Driving N.— Compared to the low magnetic field regime, nitrogen transition frequencies depend far less on the state of the carbon, which allows relatively good gate fidelities of 96(.6)% for third-nearest neighbor and 94(.1)% for nearest-neighbor 13C. With gate times on the order of 6 μs, non-polarized states of the NV electron spin would have d-ephased strongly due to the low assumed electron T2 time of 100 μs (still relatively long for a solid state qubit), which is why we excluded them from our gate fidelity computation. Since relaxation is much slower, polarized electron spin states do not suffer appreciably during the gate time and thus state fidelity for such starting states is as high as for the other subsystems, 99(.2)% and 99(.4)% respectively for the two different carbon positions.

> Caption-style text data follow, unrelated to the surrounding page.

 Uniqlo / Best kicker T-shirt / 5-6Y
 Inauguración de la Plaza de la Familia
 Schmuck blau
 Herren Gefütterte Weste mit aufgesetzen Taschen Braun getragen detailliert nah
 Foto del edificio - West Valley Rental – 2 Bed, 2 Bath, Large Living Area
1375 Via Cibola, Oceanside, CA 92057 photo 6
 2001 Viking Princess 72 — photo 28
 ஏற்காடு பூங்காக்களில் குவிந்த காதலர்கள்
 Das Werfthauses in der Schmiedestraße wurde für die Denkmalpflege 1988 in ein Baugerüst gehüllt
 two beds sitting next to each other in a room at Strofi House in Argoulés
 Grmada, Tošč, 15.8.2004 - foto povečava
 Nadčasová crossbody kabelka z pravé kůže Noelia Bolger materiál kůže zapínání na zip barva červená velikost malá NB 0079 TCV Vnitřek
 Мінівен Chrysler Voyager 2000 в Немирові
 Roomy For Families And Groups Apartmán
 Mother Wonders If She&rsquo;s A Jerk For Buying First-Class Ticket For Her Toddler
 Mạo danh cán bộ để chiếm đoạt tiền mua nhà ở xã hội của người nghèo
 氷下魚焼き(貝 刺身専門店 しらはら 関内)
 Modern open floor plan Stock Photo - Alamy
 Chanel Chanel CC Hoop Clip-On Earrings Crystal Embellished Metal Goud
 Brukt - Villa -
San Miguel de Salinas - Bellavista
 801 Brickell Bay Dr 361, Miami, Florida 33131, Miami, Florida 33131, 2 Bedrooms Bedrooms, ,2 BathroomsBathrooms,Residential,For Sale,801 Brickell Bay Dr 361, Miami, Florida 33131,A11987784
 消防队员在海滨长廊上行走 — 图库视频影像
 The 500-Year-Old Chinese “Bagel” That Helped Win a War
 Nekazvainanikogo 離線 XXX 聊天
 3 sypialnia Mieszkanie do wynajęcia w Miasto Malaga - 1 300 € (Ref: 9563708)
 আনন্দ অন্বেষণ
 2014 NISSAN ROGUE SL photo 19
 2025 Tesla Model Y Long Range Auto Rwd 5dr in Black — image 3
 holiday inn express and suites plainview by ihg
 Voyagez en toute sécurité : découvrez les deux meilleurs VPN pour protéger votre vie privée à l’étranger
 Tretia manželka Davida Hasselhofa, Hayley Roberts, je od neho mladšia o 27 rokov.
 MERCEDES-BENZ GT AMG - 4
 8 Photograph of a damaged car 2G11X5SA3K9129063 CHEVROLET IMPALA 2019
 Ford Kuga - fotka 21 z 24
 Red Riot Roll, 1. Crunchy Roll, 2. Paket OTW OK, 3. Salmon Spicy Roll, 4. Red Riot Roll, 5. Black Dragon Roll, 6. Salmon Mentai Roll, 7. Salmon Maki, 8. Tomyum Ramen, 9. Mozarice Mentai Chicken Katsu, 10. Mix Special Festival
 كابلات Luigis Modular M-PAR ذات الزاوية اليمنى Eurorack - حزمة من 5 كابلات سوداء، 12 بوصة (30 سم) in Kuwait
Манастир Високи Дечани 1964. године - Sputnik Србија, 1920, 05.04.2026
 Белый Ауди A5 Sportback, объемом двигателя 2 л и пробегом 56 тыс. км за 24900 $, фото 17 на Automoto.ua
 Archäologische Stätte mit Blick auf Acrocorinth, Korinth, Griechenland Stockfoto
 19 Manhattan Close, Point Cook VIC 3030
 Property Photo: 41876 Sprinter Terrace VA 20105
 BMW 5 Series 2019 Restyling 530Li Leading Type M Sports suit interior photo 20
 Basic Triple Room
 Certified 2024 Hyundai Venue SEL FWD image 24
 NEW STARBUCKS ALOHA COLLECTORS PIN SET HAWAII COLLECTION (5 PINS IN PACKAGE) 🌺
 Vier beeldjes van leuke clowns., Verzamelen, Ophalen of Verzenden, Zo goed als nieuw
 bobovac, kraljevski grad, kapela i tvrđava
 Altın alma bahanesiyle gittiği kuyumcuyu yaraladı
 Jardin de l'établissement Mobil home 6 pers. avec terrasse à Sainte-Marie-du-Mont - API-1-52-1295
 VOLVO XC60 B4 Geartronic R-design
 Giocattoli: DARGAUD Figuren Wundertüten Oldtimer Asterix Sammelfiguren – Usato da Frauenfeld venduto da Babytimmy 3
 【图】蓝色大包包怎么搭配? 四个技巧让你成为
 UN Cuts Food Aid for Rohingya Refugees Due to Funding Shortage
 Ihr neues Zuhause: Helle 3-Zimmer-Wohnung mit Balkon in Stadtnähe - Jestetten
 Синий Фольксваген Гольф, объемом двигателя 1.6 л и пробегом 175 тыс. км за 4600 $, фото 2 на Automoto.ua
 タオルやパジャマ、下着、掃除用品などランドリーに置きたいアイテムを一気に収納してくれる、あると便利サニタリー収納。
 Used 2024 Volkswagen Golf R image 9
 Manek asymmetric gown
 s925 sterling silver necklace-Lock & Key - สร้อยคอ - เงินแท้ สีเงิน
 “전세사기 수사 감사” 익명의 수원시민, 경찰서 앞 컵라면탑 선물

Entangling gates.— In the intermediate magnetic field regime, our choice of computational basis allowed several multi-qubit gates to be implemented by a single pulse (figure D4). The transitions involved are indicated schematically in figure 4. As can be seen, we can obtain multi-qubit gates between all qubits. This set of operations is redundant in that two CNOTs would already be universal, but this redundancy is very welcome since direct, single-pulse gates are faster and have a higher fidelity than those obtained from potentially lengthy gate sequences.
All results discussed here are summarized in table 2.